In principle, this process produces only water as a side product. In practice, some ring-opened derivatives of PO are generated.

Propylene oxide is chiral building block that is commercially available in either enantiomeric form ((R)-(+) and (S)-(–)). The separated enantiomers can be obtained through a Co(III)-salen-catalyzed hydrolytic kinetic resolution of the racemic material.

== Reactions ==
Like other epoxides, PO undergoes ring-opening reactions. With water, propylene glycol is produced. With alcohols, reactions, called hydroxylpropylation, analogous to ethoxylation occur. Grignard reagents add to propylene oxide to give secondary alcohols.

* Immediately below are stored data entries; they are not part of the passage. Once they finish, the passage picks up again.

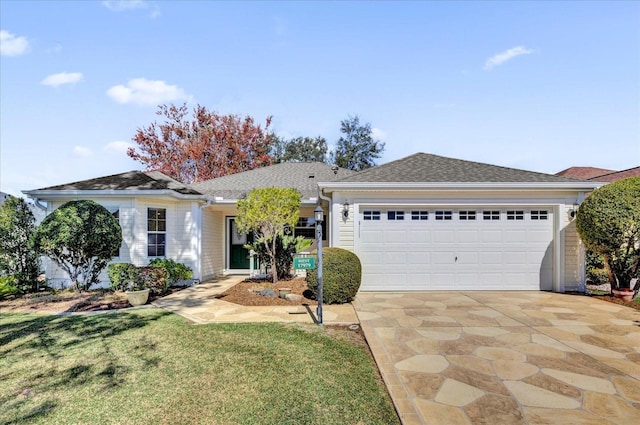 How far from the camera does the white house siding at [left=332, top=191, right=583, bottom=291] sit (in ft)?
26.9

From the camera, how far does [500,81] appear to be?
10234mm

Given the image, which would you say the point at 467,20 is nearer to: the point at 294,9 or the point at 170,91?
the point at 294,9

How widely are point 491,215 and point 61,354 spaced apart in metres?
9.28

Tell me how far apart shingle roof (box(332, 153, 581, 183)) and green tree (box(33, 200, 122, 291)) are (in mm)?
6086

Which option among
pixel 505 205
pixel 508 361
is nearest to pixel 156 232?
pixel 508 361

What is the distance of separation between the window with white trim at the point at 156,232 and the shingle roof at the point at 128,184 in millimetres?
739

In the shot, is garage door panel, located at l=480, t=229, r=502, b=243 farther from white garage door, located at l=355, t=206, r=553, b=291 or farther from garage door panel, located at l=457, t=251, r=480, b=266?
garage door panel, located at l=457, t=251, r=480, b=266

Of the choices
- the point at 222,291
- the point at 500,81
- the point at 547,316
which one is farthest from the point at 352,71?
the point at 547,316

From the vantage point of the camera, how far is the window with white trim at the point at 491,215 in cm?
843

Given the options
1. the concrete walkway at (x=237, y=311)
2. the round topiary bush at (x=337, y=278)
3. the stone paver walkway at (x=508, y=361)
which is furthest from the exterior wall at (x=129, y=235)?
the stone paver walkway at (x=508, y=361)

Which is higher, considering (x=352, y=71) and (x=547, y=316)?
(x=352, y=71)

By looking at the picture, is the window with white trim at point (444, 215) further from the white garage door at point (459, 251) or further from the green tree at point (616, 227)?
the green tree at point (616, 227)

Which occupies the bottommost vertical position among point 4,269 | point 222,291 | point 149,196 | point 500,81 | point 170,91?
point 222,291

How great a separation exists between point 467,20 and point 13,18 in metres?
11.7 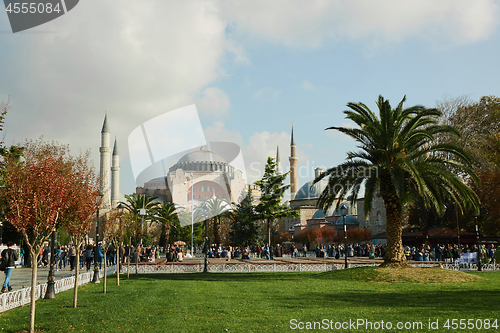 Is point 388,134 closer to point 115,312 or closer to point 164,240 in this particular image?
point 115,312

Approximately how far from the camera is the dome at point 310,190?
7088 cm

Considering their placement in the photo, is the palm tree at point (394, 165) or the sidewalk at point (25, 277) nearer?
the sidewalk at point (25, 277)

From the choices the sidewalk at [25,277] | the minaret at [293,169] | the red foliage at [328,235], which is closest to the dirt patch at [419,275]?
the sidewalk at [25,277]

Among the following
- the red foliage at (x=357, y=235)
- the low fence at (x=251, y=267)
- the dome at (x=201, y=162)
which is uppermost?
the dome at (x=201, y=162)

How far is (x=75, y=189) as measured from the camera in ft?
31.6

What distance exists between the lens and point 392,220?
16578 mm

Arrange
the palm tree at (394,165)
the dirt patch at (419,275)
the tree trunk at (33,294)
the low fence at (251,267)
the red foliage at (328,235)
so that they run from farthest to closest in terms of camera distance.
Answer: the red foliage at (328,235) → the low fence at (251,267) → the palm tree at (394,165) → the dirt patch at (419,275) → the tree trunk at (33,294)

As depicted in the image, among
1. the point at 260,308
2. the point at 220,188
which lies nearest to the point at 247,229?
the point at 260,308

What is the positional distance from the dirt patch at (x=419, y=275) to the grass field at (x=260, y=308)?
77 centimetres

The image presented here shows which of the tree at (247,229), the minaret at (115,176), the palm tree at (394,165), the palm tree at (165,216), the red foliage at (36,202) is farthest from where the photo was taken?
the minaret at (115,176)

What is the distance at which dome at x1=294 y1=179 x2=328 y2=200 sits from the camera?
7088cm

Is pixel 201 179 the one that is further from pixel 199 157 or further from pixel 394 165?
pixel 394 165

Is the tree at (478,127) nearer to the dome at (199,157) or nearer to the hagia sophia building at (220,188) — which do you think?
the hagia sophia building at (220,188)

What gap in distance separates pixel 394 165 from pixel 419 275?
13.3 ft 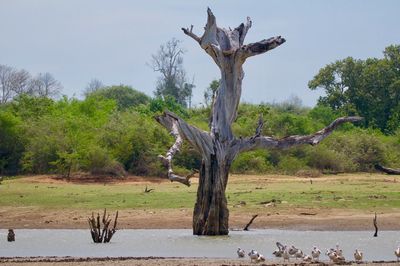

Some other reactions of propylene oxide include:
- Reaction with aluminium oxide at 250–260 °C leads to propionaldehyde and a little acetone.
- Reaction with silver(I) oxide leads to acetic acid.
- Reaction with sodium–mercury amalgam and water leads to isopropanol.

==Uses==
Between 60 and 70% of all propylene oxide is converted to polyether polyols by the process called alkoxylation. These polyols are building blocks in the production of polyurethane plastics. About 20% of propylene oxide is hydrolyzed into propylene glycol, via a process which is accelerated by acid or base catalysis. Another major products is propylene carbonate.

===Niche uses===

====Fumigant====
The United States Food and Drug Administration has approved the use of propylene oxide to pasteurize raw almonds beginning on September 1, 2007, in response to two incidents of contamination by Salmonella in commercial orchards, one incident occurring in Canada and one in the United States.
Pistachio nuts can also be subjected to propylene oxide to control Salmonella.

====Microscopy====
Propylene oxide is commonly used in the preparation of biological samples for electron microscopy, to remove residual ethanol previously used for dehydration. In a typical procedure, the sample is first immersed in a mixture of equal volumes of ethanol and propylene oxide for 5 minutes, and then four times in pure oxide, 10 minutes each.

====Munition====
Propylene oxide is sometimes used in thermobaric munitions as the fuel in fuel–air explosives. In addition to the explosive damage from the blast wave, unexploded propylene oxide can cause additional effects from direct toxicity.

==Safety==
Propylene oxide is both acutely toxic and carcinogenic. Acute exposure causes respiratory tract irritation, eventually leading to death. Signs of toxicity after acute exposure include salivation, lacrimation, nasal discharge, gasping, lethargy and hypoactivity, weakness, and incoordination. Propylene oxide is also neurotoxic in rats, and presumably in humans. Propylene oxide alkylates DNA and is considered a mutagen for both animals and humans. Pregnant rats exposed to 500ppm of propylene oxide for less than 8 hours gave birth to litters with significant deformities and weight deficiencies. Similar exposure has also shown to reduce animal fertility. As such, it is a known animal carcinogen and potential human carcinogen, and is included into the List of IARC Group 2B carcinogens.

Propylene oxide is an extremely flammable liquid, and its vapors can form explosive mixtures with air at concentrations as low as 2.3% (Lower Explosive Limit). Propylene oxide vapor is twice as dense as air. When exposed to an open atmosphere, the vapor can accumulate in low-lying areas while spreading out over long distances and reach ignition source, causing flashback or an explosion. When heated, propylene oxide can rapidly self-polymerize and decompose producing other toxic gases such as carbon monoxide and various free radicals. Propylene oxide fires are especially dangerous and difficult for firefighters to extinguish. In a fire, sealed tanks of propylene oxide should be cooled with fire hoses to prevent explosion from self-polymerization. When burning in open air however, water can transport propylene oxide outside of the fire zone which can reignite upon floating to the surface. Additional firefighting measures should be taken to prevent propylene oxide from washing out to nearby drains and sewers contaminating the surrounding environment.

==Natural occurrence==
In 2016 it was reported that propylene oxide was detected in Sagittarius B2, a cloud of gas in the Milky Way weighing three million solar masses. It is the first chiral molecule to be detected in space, albeit with no enantiomeric excess.